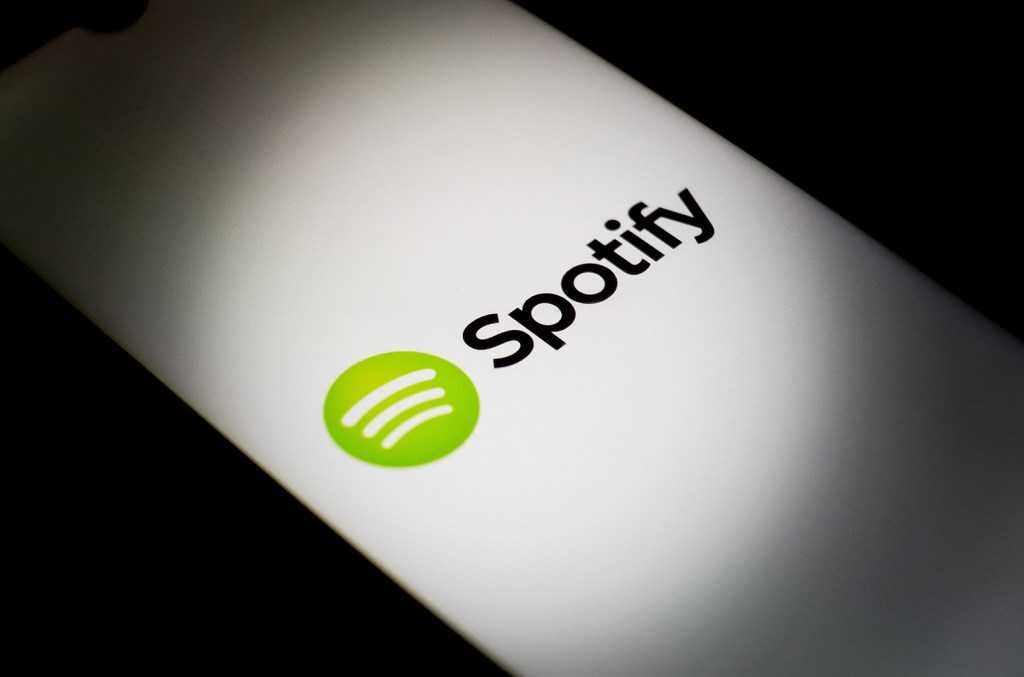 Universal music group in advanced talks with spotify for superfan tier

......

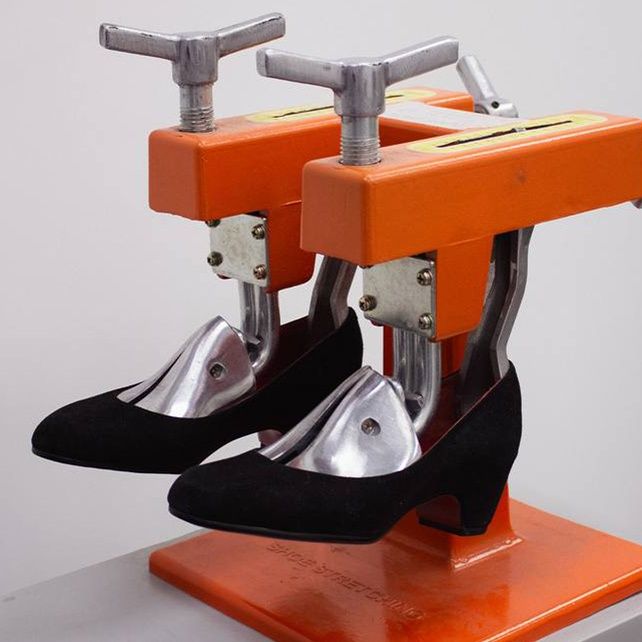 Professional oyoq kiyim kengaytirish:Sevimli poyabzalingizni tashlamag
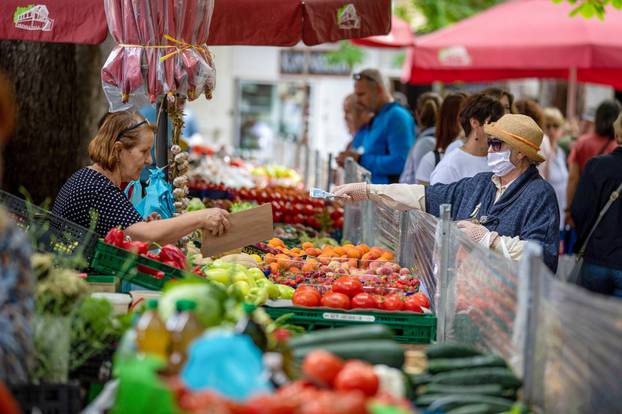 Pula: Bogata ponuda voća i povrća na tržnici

......

Leaving out all pictures, set down exactly the lines of the material above, from the line with "Professional oyoq kiyim" to the line with "Pula: Bogata ponuda voća i povrća na tržnici" inclusive, and no others.

* **SOLUTION TO THIS TASK**:
 Professional oyoq kiyim kengaytirish:Sevimli poyabzalingizni tashlamag
 Pula: Bogata ponuda voća i povrća na tržnici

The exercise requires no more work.